Detection Vectors and TTPs
Hybrid deployments introduce detectable artifacts. Larger ClientHello messages, additional key shares, and PQ-hybrid cipher suite identifiers are all signals that can help asset discovery. Network defenders can use these markers to find PQ-enabled services, while red teams can profile downgrade behaviour when middleboxes or legacy clients force non-PQ fallbacks. For context on what a mature migration looks like in practice, see our internal analysis of enterprise readiness that reviews hybrid TLS rollouts and control points across load balancers and proxies (Post-Quantum Cryptography Implementation Enterprise-Readiness Analysis).

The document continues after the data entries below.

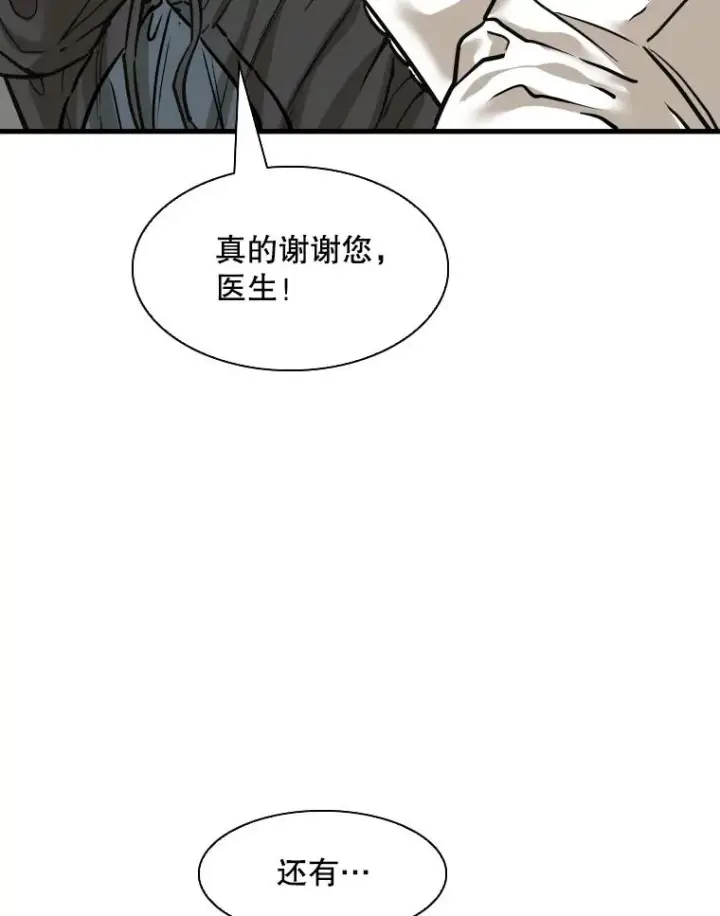 《鲨鱼》321.寻找体育馆图14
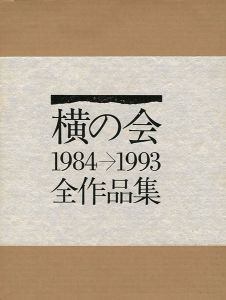 「横の会 全作品集 1984-1993」横の会編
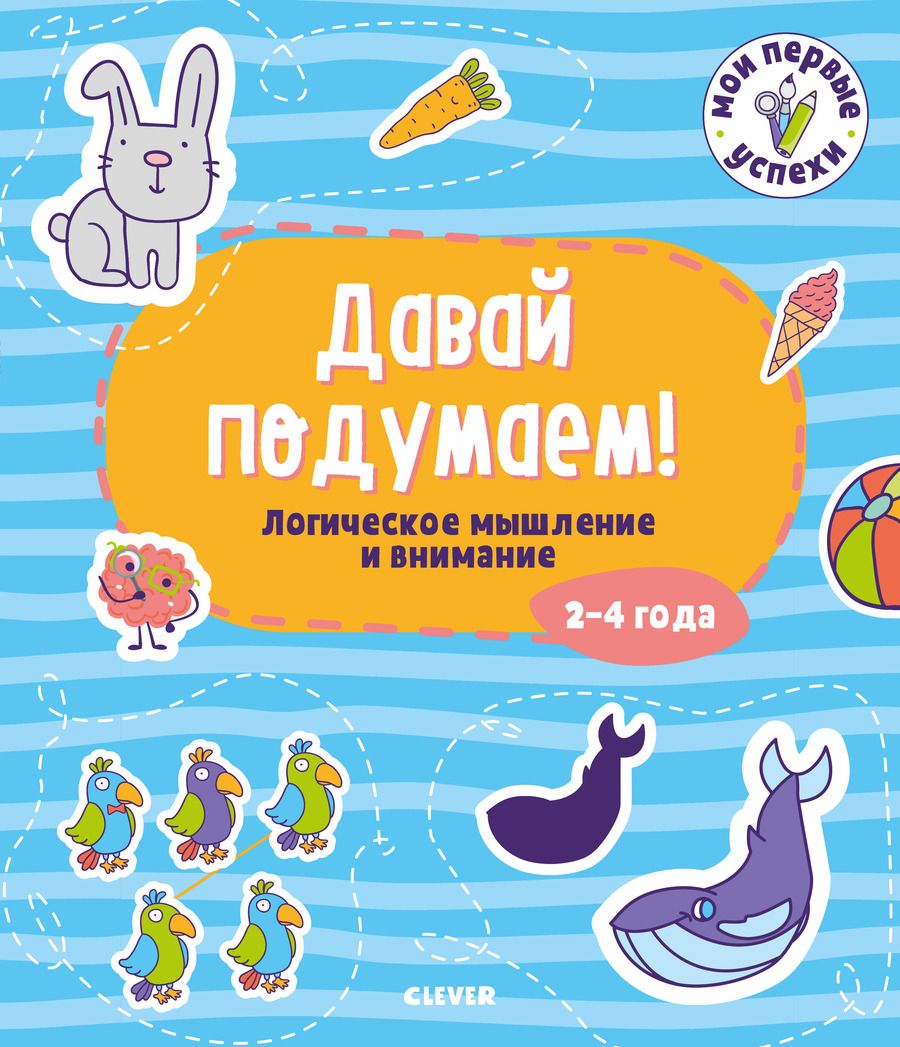 Обложка книги "Давай подумаем! Логическое мышление и внимание (2-4 года)"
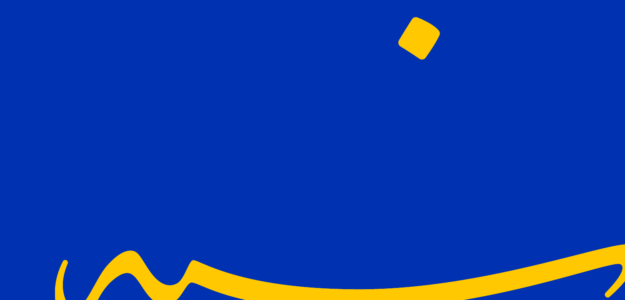 Beni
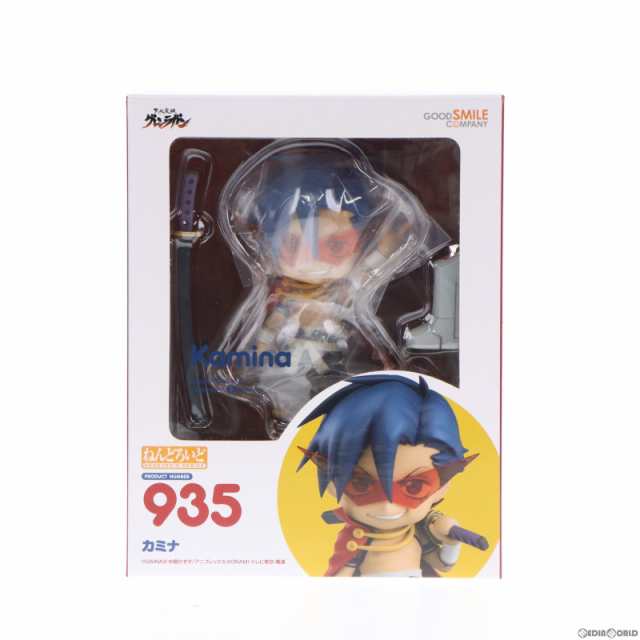 中古即納】[FIG]ねんどろいど 935 カミナ 天元突破グレンラガン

Harvest-now, decrypt-later changes logging priorities. Teams should tag encrypted data stores with retention greater than five years, then monitor who exports those archives and from where. Suppose you need a public benchmark for adoption pace to calibrate expectations. In that case, Cloudflare’s telemetry provides an Internet-wide reference point that your own metrics can track against (The state of the post-quantum Internet).
Industry Response
The UK’s National Cyber Security Centre has started publishing concrete timelines for migration and guidance on planning, which moves PQC from optional research into programme work with milestones (Timelines for migration to post-quantum cryptography). That direction aligns with the US position where the NSA’s CNSA 2.0 materials set expectations for quantum-resistant algorithms across National Security Systems by the mid-2030s (Post-Quantum Cybersecurity Resources).
Vendors are packaging enablement paths. AWS documents a hybrid post-quantum option for SSH in its Transfer Family service, which gives enterprises a managed way to test PQ-hybrid handshakes against real workloads without rebuilding their stack (Using hybrid post-quantum key exchange with AWS Transfer Family). As more platforms follow OpenSSH and GitHub, expect your third-party risk reviews to include PQ controls and downgrade handling.
CISO Playbook
- Run a cryptographic inventory. Tag TLS endpoints, SSH bastions, VPNs, and databases that carry data with retention beyond five years, then prioritise PQ-hybrid for those paths first (NIST Releases First 3 Finalized Post-Quantum Encryption Standards).
- Pilot PQ-hybrid on administrative channels. Use OpenSSH 10.0+ defaults and monitor downgrades—document middleboxes that strip or block PQ parameters (OpenSSH: Post-Quantum Cryptography).
- Set policy with timelines. Align to NCSC migration guidance and CNSA 2.0 expectations, then tie programme milestones to vendor roadmaps (Timelines for migration to post-quantum cryptography).
- Educate red and blue teams. Add harvest-now, decrypt-later to threat models and tabletop exercises. For a broader strategy context, see our coverage of ransomware and underground market dynamics that influence data theft priorities (Ransomware Payments vs Rising Incident Counts in 2025).
Post-quantum migration is happening in the open. Teams that invest in crypto-agility now will reduce rework later and cut exposure to long-term decryption risk. Treat this as a supply-chain programme with clear owners, measurable traffic shifts, and explicit downgrade policies.